= GTRK Kaliningrad =

Russian regional broadcaster

GTRK Kaliningrad (Государственная телевизионная и радиовещательная компания «Калининград») is a VGTRK subsidiary covering Kaliningrad Oblast, a Russian exclave. Its facilities are located on the oblast capital Kaliningrad and is also in charge of Zapad 24, a regional news channel for western Russia.

==History==
Radio broadcasts started in 1947, after Kaliningrad was put up under Soviet rule. Television broadcasts began on 25 June 1958, the first program seen being a concert featuring local residents. Since 1960, it became in charge of the coverage of television broadcasts of the DKBF parades in Baltiysk for the national network. Kaliningrad was given channel 12, but before broadcasts began, radio amateurs had set up a station on channel 4, which interfered with the Vilnius Television Center's transmitter.

In 1975, it started producing its output in color.
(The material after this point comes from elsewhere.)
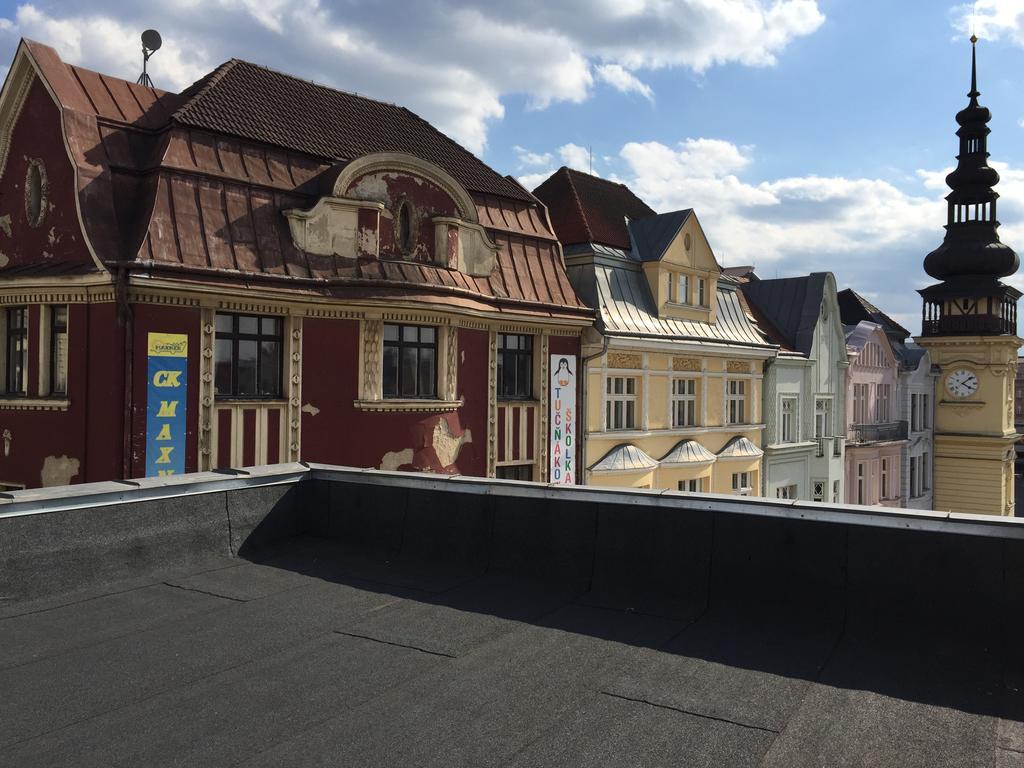 Studio Ostrava - Masarykovo Namesti Екстериор снимка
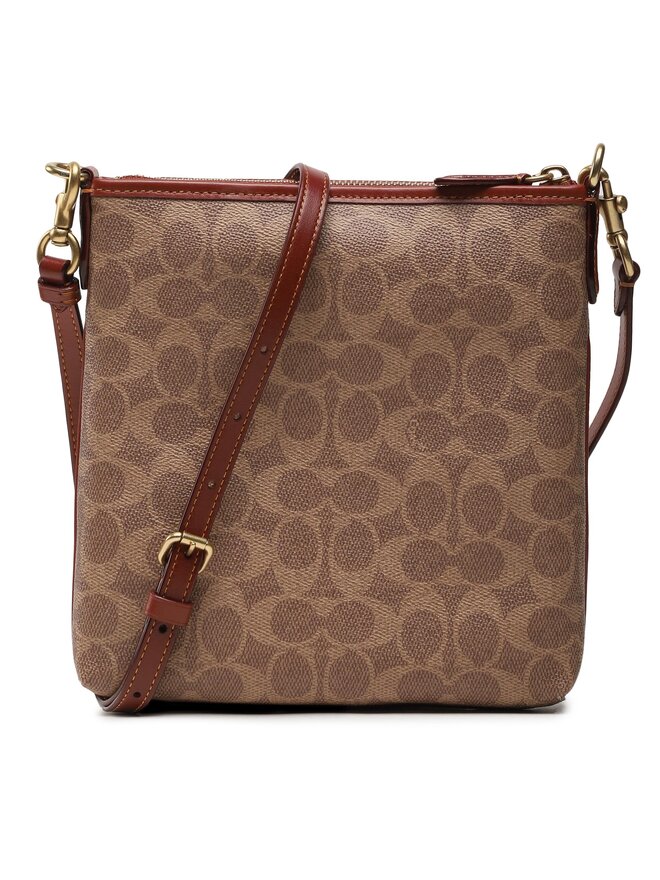Coach Rankinė Coach Clrblk Cc Sig Kitt CC533 Ruda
In 1982, it started broadcasting its own channel, on VHF channel 6, which in 1984, was operational from 6pm to 9pm. The Kaliningrad Television Center also had airtime on Programme Two's frequencies in the oblast, with a 6pm-9pm schedule, though with different programming.
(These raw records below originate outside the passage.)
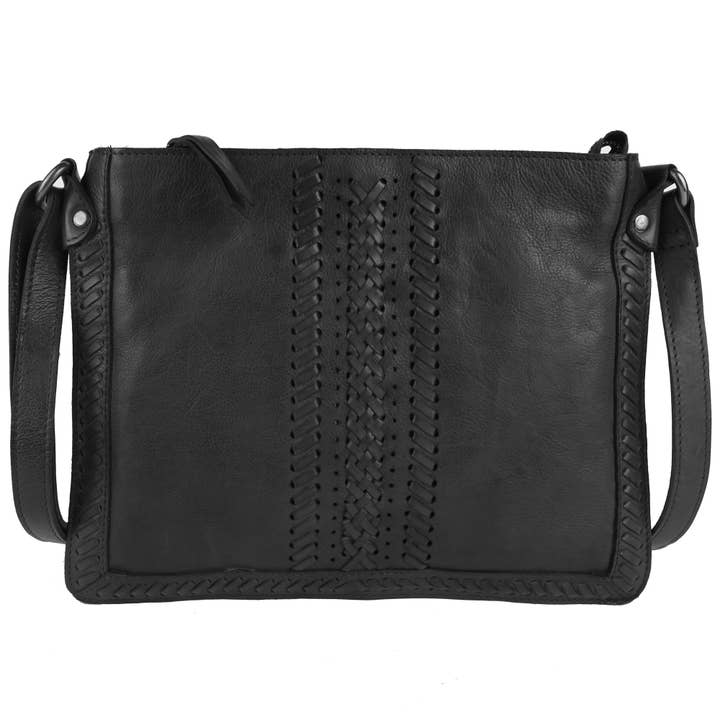 Latico Leathers - Wholesale Crossbody Bag - Women's - Gigi Handcrafted Leather Crossbody Bags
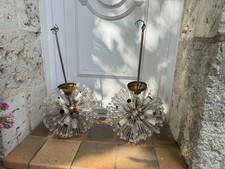 Paire plafonnier vintage d'occasion  France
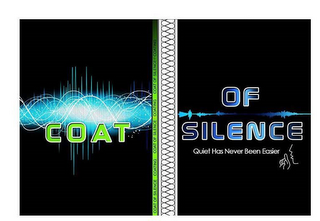 COAT OF SILENCE QUIET HAS NEVER BEEN EASIER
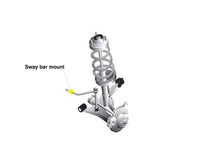 Whiteline Front Sway bar - mount bushing W22629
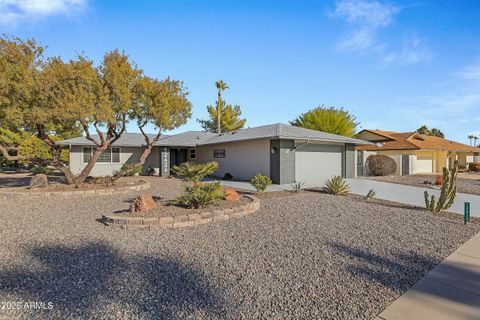 A home in Sun City West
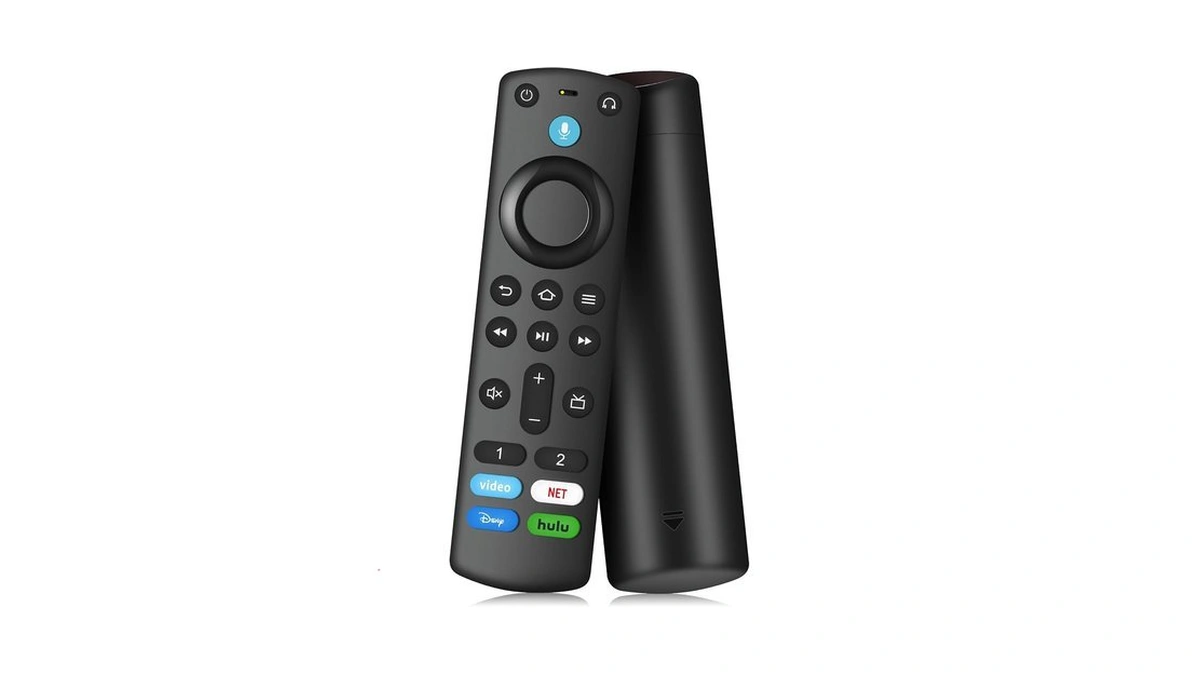 Voice Remote Replacement Fit For All Fireseries Tv Cube/stick/4k/4k Max/lite/stick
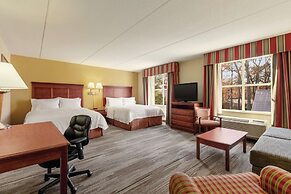 Hampton Inn & Suites Williamsburg Historic District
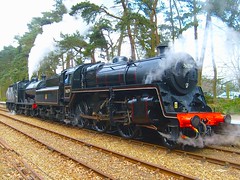 North Norfolk Railway - That's Yer Lot Steam Gala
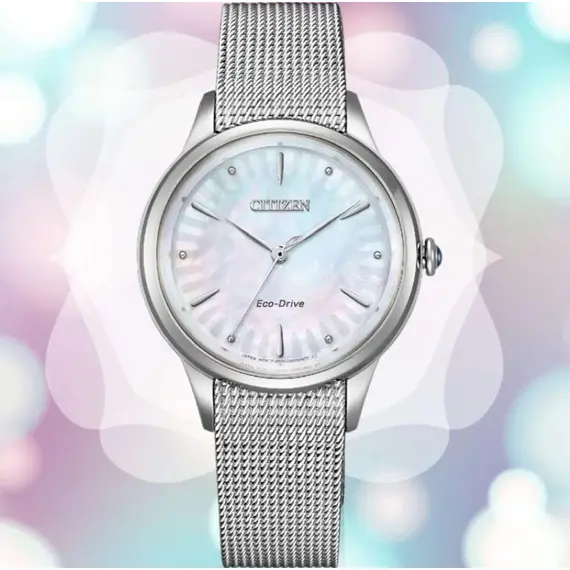 CITIZEN Elegance Eco-Drive EM1150-86D, image 4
With the fall of the Soviet Union and the creation of the VGTRK, on 5 February 1992, the company was renamed GTRK Yantar (ГТРК Янтарь), broadcasting its programs on RTR's frequency. The former service on channel 6 was occupied by the Kaskad holding, which had the right to relay TNT on that channel and STS on UHF channel 34. From 1998 to 2004, it had a separate channel on UHF channel 27. In August 2004, Yantar broadcast its programs there in the early evening hours, with limited output on channel 6 and some on channel 12, coinciding with Russia's slots given to local programming, especially the local editions of Vesti. On weekends, some programs were relayed on channel 30 in the eastern side of the oblast.

On 24 November 2006, Yantar was renamed GTRK Kaliningrad. Beginning 2 March 2020, it started providing Zapad 24 (West 24), a regional news channel. On 31 March 2021, it was given obligation from the Russian government to broadcast on channel 22 on cable companies throughout the region.